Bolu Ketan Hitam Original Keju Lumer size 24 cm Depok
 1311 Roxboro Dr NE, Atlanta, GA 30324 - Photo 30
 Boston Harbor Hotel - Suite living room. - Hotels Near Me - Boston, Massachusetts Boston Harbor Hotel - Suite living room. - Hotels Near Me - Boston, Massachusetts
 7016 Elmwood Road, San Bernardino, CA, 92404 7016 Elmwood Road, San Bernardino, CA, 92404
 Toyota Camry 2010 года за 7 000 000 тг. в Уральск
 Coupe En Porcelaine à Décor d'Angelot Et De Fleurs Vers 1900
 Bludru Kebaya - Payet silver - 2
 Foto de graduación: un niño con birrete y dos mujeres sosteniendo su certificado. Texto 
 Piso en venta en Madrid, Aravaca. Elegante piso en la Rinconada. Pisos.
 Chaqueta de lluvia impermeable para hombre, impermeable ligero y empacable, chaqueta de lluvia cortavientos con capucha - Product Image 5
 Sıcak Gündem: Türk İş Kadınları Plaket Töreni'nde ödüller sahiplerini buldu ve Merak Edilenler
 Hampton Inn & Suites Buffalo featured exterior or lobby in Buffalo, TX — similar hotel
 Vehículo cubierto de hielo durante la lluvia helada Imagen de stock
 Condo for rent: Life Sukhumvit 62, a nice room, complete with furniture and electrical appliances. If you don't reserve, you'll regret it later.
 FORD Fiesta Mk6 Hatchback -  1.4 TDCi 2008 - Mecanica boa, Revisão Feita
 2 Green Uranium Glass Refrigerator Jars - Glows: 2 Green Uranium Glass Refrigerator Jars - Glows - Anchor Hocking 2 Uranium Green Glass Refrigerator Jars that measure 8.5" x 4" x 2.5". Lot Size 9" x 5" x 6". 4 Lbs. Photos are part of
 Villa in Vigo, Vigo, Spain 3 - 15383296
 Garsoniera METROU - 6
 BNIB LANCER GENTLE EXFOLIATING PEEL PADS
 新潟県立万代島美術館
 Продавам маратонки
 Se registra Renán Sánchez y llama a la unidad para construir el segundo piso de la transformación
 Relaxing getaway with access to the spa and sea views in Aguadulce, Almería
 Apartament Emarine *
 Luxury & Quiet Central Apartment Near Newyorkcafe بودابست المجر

-*-*-

INSTRUCTIONS FOR THE TASK - Every record must be set down again exactly.

ANSWER FOR THE TASK -
Bolu Ketan Hitam Original Keju Lumer size 24 cm Depok
 1311 Roxboro Dr NE, Atlanta, GA 30324 - Photo 30
 Boston Harbor Hotel - Suite living room. - Hotels Near Me - Boston, Massachusetts Boston Harbor Hotel - Suite living room. - Hotels Near Me - Boston, Massachusetts
 7016 Elmwood Road, San Bernardino, CA, 92404 7016 Elmwood Road, San Bernardino, CA, 92404
 Toyota Camry 2010 года за 7 000 000 тг. в Уральск
 Coupe En Porcelaine à Décor d'Angelot Et De Fleurs Vers 1900
 Bludru Kebaya - Payet silver - 2
 Foto de graduación: un niño con birrete y dos mujeres sosteniendo su certificado. Texto 
 Piso en venta en Madrid, Aravaca. Elegante piso en la Rinconada. Pisos.
 Chaqueta de lluvia impermeable para hombre, impermeable ligero y empacable, chaqueta de lluvia cortavientos con capucha - Product Image 5
 Sıcak Gündem: Türk İş Kadınları Plaket Töreni'nde ödüller sahiplerini buldu ve Merak Edilenler
 Hampton Inn & Suites Buffalo featured exterior or lobby in Buffalo, TX — similar hotel
 Vehículo cubierto de hielo durante la lluvia helada Imagen de stock
 Condo for rent: Life Sukhumvit 62, a nice room, complete with furniture and electrical appliances. If you don't reserve, you'll regret it later.
 FORD Fiesta Mk6 Hatchback -  1.4 TDCi 2008 - Mecanica boa, Revisão Feita
 2 Green Uranium Glass Refrigerator Jars - Glows: 2 Green Uranium Glass Refrigerator Jars - Glows - Anchor Hocking 2 Uranium Green Glass Refrigerator Jars that measure 8.5" x 4" x 2.5". Lot Size 9" x 5" x 6". 4 Lbs. Photos are part of
 Villa in Vigo, Vigo, Spain 3 - 15383296
 Garsoniera METROU - 6
 BNIB LANCER GENTLE EXFOLIATING PEEL PADS
 新潟県立万代島美術館
 Продавам маратонки
 Se registra Renán Sánchez y llama a la unidad para construir el segundo piso de la transformación
 Relaxing getaway with access to the spa and sea views in Aguadulce, Almería
 Apartament Emarine *
 Luxury & Quiet Central Apartment Near Newyorkcafe بودابست المجر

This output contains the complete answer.